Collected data
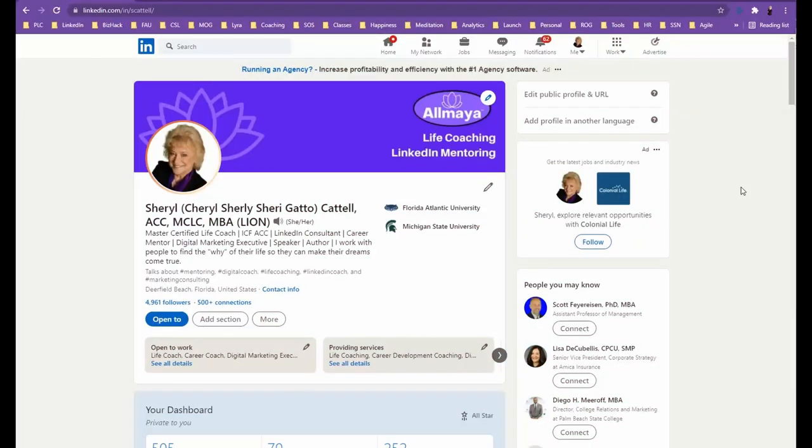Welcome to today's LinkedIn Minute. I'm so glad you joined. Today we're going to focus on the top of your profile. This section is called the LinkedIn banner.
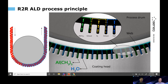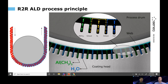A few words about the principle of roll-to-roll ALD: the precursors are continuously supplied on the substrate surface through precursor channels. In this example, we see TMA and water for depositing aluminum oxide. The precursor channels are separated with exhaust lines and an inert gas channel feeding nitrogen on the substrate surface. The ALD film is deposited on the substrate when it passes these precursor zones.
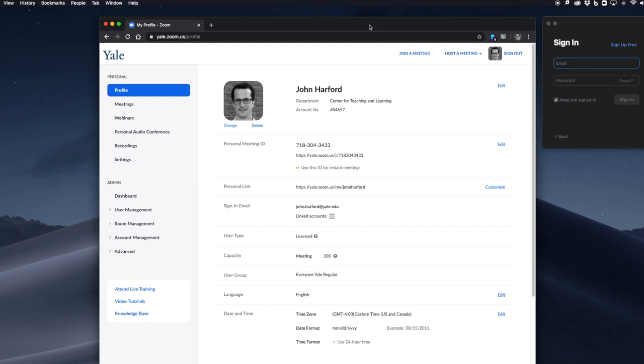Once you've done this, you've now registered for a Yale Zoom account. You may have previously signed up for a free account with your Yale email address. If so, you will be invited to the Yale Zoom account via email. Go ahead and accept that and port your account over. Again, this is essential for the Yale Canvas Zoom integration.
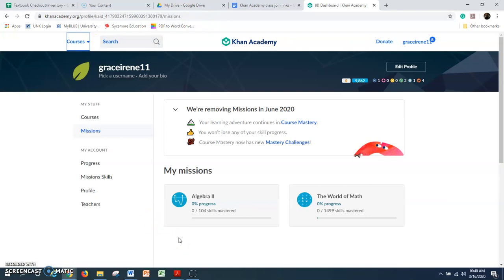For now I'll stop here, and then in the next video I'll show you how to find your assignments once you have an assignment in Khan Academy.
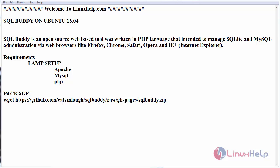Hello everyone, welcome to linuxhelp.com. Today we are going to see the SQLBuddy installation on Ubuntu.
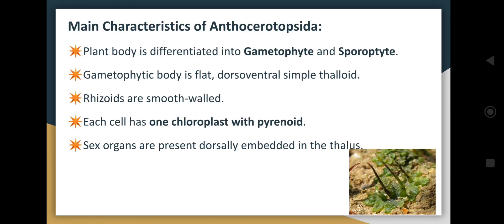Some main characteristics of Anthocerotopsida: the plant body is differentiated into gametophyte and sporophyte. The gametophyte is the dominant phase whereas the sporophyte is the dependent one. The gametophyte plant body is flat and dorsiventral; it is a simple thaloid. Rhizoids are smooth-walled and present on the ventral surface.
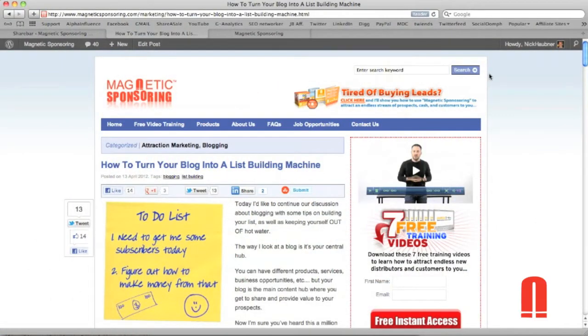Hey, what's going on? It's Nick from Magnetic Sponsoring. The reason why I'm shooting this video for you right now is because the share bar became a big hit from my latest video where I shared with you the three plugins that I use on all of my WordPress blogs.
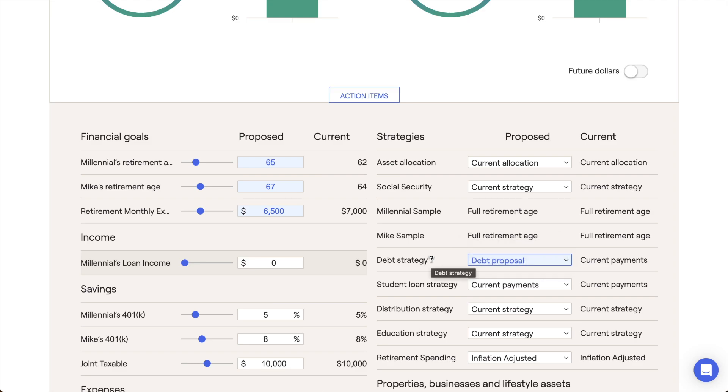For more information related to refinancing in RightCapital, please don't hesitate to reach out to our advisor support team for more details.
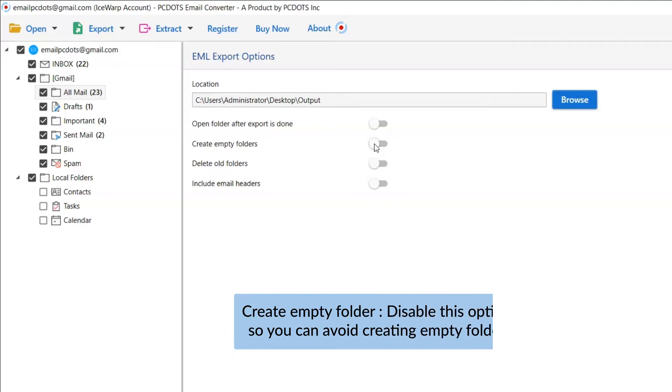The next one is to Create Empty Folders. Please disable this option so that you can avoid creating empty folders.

INSTRUCTIONS TO FOLLOW: Each line from the first line of the data above through the one containing "For now I'll" must be set down exactly; the pictures must not be.

SOLUTION:
Welcome to today's LinkedIn Minute. I'm so glad you joined. Today we're going to focus on the top of your profile. This section is called the LinkedIn banner.
A few words about the principle of roll-to-roll ALD: the precursors are continuously supplied on the substrate surface through precursor channels. In this example, we see TMA and water for depositing aluminum oxide. The precursor channels are separated with exhaust lines and an inert gas channel feeding nitrogen on the substrate surface. The ALD film is deposited on the substrate when it passes these precursor zones.
Once you've done this, you've now registered for a Yale Zoom account. You may have previously signed up for a free account with your Yale email address. If so, you will be invited to the Yale Zoom account via email. Go ahead and accept that and port your account over. Again, this is essential for the Yale Canvas Zoom integration.
For now I'll stop here, and then in the next video I'll show you how to find your assignments once you have an assignment in Khan Academy.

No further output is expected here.